(Excerpted records)

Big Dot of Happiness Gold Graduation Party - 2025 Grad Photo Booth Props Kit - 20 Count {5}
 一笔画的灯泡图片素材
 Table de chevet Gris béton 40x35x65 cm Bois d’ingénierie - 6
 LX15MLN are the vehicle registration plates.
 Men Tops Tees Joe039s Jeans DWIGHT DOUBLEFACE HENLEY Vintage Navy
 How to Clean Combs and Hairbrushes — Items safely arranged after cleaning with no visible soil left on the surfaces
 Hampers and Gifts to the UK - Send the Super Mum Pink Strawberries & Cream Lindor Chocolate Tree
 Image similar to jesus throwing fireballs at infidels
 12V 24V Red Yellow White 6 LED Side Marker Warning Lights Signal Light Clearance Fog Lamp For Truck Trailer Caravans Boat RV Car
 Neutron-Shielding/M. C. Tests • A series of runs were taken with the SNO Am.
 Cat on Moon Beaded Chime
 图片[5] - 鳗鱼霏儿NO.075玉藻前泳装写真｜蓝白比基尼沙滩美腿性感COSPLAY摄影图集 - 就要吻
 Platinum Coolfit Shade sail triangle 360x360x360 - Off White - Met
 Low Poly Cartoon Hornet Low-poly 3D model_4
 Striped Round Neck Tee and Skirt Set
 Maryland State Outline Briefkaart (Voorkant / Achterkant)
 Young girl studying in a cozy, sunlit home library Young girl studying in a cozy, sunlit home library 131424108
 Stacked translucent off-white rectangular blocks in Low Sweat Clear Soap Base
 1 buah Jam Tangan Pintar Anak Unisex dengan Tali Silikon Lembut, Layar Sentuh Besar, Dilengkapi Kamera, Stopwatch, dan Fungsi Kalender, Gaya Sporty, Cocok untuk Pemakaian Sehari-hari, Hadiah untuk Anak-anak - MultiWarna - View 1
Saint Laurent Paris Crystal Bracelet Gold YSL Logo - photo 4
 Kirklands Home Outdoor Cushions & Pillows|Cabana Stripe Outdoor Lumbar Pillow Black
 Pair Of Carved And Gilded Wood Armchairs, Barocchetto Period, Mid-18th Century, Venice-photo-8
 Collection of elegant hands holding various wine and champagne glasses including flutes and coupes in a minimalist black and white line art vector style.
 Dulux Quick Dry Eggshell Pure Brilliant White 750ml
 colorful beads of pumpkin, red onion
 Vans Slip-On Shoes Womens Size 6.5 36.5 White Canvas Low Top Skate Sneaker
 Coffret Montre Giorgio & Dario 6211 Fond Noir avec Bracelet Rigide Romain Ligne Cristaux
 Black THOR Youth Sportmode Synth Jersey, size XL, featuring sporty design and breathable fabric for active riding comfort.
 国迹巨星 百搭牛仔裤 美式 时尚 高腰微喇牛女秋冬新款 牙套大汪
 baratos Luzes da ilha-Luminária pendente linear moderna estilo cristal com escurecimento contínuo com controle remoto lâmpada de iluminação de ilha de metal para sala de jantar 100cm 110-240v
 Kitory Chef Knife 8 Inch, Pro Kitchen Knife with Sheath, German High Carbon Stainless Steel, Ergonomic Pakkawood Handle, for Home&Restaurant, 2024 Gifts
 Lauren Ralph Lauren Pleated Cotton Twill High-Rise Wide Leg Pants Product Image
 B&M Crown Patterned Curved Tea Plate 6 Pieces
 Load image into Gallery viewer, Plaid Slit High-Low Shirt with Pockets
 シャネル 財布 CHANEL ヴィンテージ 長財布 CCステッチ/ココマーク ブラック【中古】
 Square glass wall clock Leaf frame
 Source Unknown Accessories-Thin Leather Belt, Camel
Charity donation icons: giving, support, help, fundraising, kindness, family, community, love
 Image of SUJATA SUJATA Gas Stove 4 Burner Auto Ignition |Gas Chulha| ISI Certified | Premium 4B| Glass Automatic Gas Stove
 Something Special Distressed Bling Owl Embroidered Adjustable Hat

(End Excerpted records)

Work order: Find the word "with" in the material, then list each line that holds it.

Response for this exercise:
 How to Clean Combs and Hairbrushes — Items safely arranged after cleaning with no visible soil left on the surfaces
 Neutron-Shielding/M. C. Tests • A series of runs were taken with the SNO Am.
 Kitory Chef Knife 8 Inch, Pro Kitchen Knife with Sheath, German High Carbon Stainless Steel, Ergonomic Pakkawood Handle, for Home&Restaurant, 2024 Gifts
 Load image into Gallery viewer, Plaid Slit High-Low Shirt with Pockets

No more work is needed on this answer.